There is a veritable bounty of examples of such incidents over the years, but let me give you a couple of significant citations, if I may.

About a year after I left school I went back to collect a project I’d done. (Don’t know why. Maybe I just wanted to leaf through the pages of my former academic eminence and softly weep.) I found myself confronted in the corridor by not one, but four of my old teachers. Enthusiastic greetings ensued, along with demands to know how I was getting on at university, and other such friendly and interested inquiries.
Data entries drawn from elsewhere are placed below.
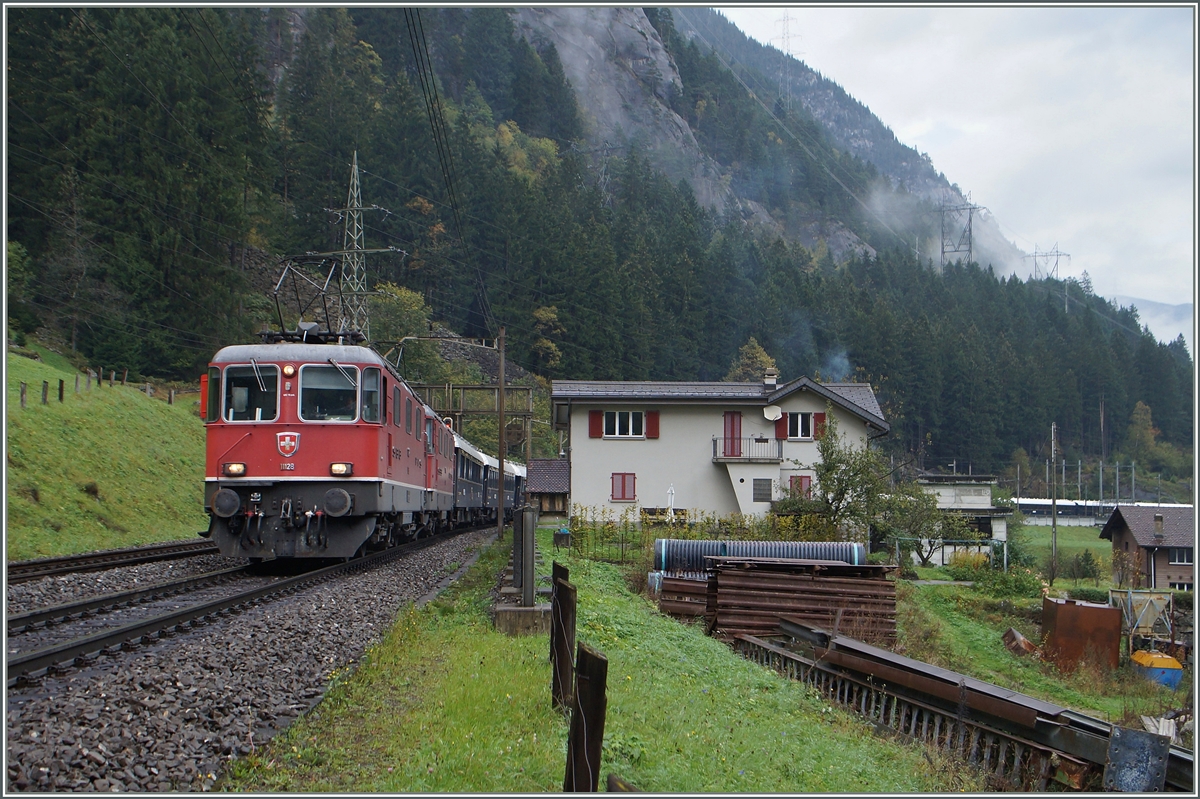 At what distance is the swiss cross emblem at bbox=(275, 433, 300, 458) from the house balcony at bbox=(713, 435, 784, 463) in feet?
77.9

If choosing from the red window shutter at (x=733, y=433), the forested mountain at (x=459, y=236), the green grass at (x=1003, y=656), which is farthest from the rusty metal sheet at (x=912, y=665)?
the red window shutter at (x=733, y=433)

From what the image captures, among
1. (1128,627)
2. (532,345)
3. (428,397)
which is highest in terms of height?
(532,345)

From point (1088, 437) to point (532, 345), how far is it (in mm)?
67083

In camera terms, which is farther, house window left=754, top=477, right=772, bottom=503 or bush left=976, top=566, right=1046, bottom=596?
house window left=754, top=477, right=772, bottom=503

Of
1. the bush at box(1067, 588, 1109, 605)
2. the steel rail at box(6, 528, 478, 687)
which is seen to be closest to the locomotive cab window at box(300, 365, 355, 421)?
the steel rail at box(6, 528, 478, 687)

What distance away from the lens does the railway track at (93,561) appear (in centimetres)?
1204

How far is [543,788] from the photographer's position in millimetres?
4883

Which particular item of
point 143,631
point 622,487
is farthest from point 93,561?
point 622,487

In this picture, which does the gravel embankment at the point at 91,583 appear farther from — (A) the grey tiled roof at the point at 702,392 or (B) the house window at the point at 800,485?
(A) the grey tiled roof at the point at 702,392

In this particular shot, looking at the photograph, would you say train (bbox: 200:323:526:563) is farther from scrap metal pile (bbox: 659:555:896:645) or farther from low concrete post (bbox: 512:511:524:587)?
scrap metal pile (bbox: 659:555:896:645)

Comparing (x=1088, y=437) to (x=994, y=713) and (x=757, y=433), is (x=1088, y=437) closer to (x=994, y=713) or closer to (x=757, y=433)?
(x=757, y=433)

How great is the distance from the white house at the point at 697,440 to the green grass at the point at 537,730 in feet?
82.0

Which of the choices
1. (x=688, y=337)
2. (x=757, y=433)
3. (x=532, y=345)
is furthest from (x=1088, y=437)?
(x=757, y=433)

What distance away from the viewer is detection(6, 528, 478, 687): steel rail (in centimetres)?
635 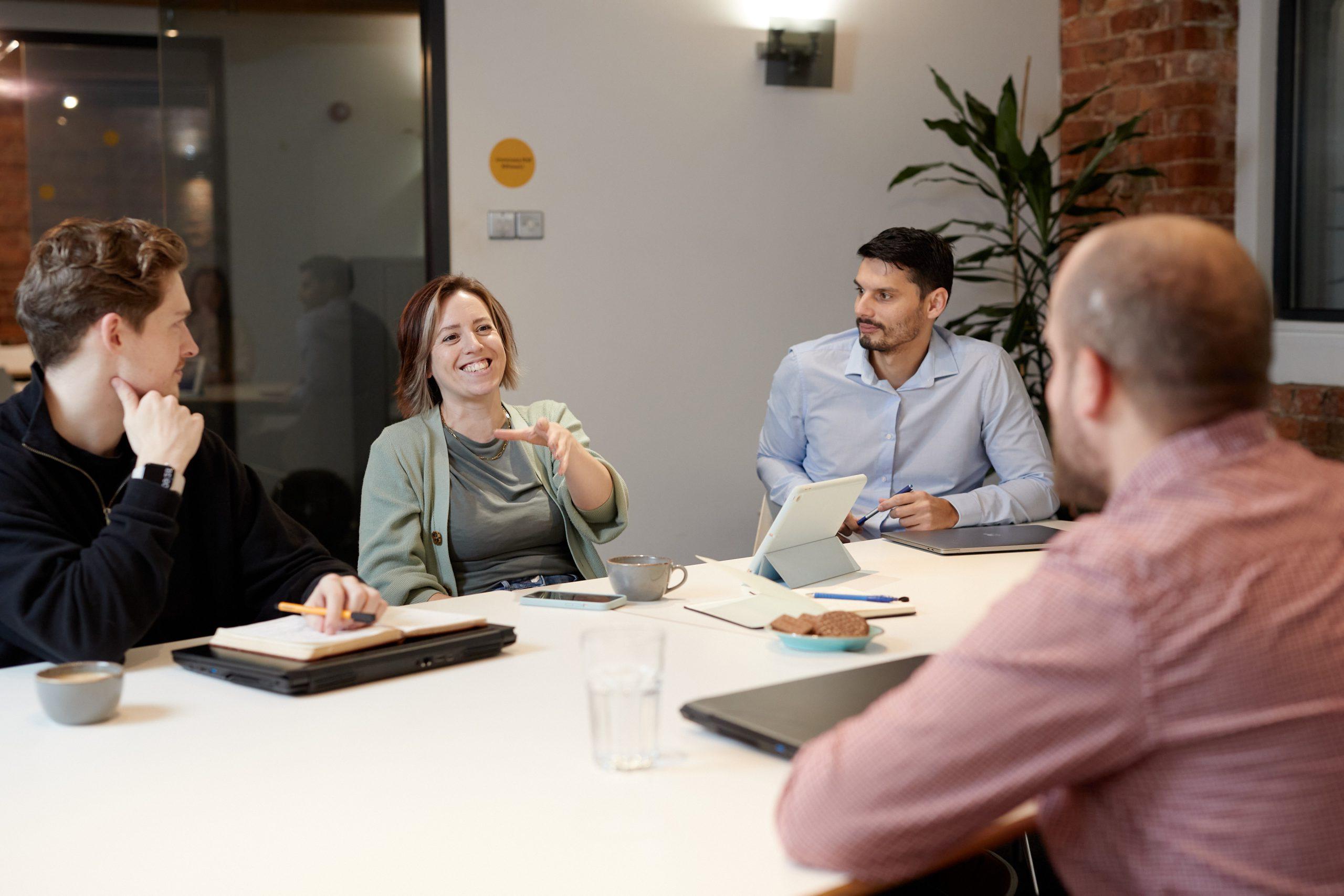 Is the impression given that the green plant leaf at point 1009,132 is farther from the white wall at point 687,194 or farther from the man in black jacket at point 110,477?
the man in black jacket at point 110,477

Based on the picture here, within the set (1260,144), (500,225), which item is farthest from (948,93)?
(500,225)

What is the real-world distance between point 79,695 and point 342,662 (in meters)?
0.31

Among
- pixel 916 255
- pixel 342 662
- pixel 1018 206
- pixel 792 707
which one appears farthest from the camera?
pixel 1018 206

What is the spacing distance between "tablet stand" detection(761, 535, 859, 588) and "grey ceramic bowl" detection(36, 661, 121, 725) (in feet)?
3.64

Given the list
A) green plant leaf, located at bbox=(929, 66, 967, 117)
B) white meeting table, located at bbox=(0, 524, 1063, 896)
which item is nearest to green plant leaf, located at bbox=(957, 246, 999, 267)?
green plant leaf, located at bbox=(929, 66, 967, 117)

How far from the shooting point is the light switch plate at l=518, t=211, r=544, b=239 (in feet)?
12.9

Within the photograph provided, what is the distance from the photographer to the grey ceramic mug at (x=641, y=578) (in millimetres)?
2010

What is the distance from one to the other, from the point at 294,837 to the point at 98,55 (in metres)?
5.48

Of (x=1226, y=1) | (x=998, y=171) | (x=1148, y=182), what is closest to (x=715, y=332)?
(x=998, y=171)

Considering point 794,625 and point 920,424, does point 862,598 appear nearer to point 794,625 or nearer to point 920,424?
point 794,625

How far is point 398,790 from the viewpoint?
3.95 ft

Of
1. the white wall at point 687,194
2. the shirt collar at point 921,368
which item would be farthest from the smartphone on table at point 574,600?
the white wall at point 687,194

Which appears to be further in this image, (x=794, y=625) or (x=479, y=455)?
(x=479, y=455)

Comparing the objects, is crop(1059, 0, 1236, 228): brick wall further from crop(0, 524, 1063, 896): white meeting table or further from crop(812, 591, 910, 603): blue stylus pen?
crop(0, 524, 1063, 896): white meeting table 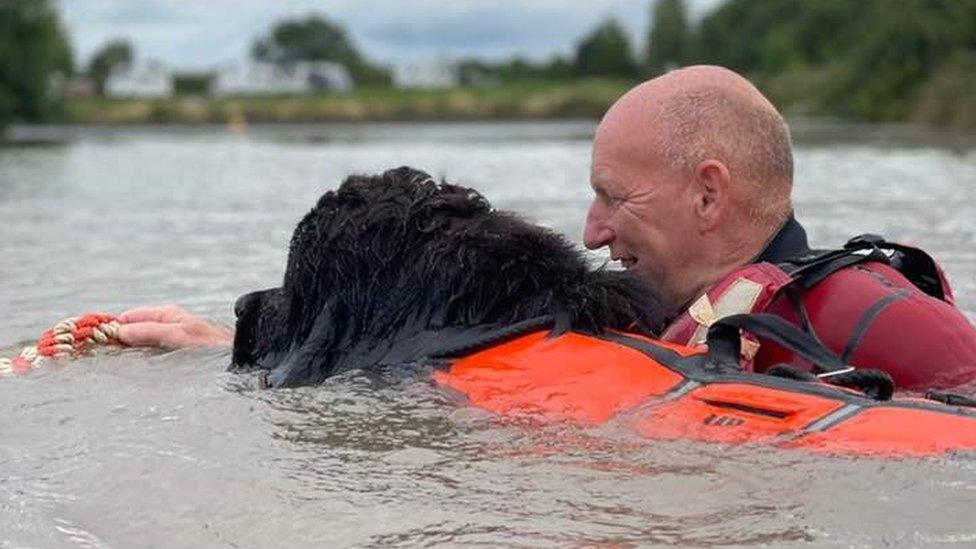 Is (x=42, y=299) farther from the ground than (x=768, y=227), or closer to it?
closer to it

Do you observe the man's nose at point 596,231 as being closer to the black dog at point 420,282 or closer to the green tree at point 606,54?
the black dog at point 420,282

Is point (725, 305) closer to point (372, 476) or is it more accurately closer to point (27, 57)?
point (372, 476)

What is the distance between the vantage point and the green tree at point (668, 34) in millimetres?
121188

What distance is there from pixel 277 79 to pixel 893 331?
453ft

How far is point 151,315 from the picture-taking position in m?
5.76

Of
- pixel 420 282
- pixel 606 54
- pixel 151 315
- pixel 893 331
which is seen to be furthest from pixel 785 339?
pixel 606 54

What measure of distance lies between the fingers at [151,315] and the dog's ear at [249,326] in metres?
0.74

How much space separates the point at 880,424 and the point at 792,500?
337 mm

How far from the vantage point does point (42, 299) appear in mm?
7961

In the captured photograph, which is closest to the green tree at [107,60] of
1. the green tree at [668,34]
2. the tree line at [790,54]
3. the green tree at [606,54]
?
the tree line at [790,54]

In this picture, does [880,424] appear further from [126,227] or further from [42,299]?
[126,227]

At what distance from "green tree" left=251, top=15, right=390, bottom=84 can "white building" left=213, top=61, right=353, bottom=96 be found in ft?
41.2

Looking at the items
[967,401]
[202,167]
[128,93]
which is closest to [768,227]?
[967,401]

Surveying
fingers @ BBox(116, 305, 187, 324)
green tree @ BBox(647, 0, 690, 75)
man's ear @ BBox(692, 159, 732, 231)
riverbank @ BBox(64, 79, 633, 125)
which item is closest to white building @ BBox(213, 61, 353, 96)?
green tree @ BBox(647, 0, 690, 75) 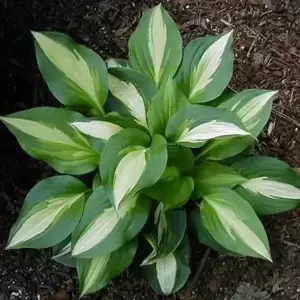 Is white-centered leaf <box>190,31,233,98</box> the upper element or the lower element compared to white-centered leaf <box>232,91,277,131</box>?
upper

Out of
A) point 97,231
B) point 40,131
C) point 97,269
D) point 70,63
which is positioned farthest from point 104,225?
point 70,63

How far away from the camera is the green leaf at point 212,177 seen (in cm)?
136

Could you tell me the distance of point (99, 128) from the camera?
1288 millimetres

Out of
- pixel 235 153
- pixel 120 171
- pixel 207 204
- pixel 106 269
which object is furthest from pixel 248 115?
pixel 106 269

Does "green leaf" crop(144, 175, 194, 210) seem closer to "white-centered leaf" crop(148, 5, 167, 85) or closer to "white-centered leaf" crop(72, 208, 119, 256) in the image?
"white-centered leaf" crop(72, 208, 119, 256)

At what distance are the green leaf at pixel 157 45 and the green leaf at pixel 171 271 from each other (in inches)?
15.0

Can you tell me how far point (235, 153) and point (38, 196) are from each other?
1.40 ft

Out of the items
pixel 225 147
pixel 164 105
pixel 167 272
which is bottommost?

My answer was thus:

‘Yes I’m fine, university’s great, I’m loving the essays, though not loving having to go to the launderette and wait for people to come back and collect their washing and drying that they’ve just left in the machines, and I think I’ve had an allergic reaction to the powder I’ve started using, because I do occasionally get skin rashes, I used to get one on my neck years ago and ever since then I’ve had to wear hypoallergenic necklaces, which is a bit of a pain, but I can’t really complain because my friend gets awful eczema all over her shins and she can never find the cream she needs and the queue for the pharmacy on campus is just awful, I was in there for almost twenty minutes the other day when I went in to get some cream, not for a skin rash but for errrr something else, nothing embarrassing, well, moderately embarrassing but it’s fine, the cream sorted it out, but apart from that, yeah, university is great and I’m loving the fact I can buy Admiral’s Pie for 99p from the campus shop and I have it with peas and that’s me done.’

I jape not, listener. That is almost a blow-by-blow account of what I said. To four ex-teachers who had previously considered me a headstrong, sensible, charming young lady. Needless to say, they were rather taken aback.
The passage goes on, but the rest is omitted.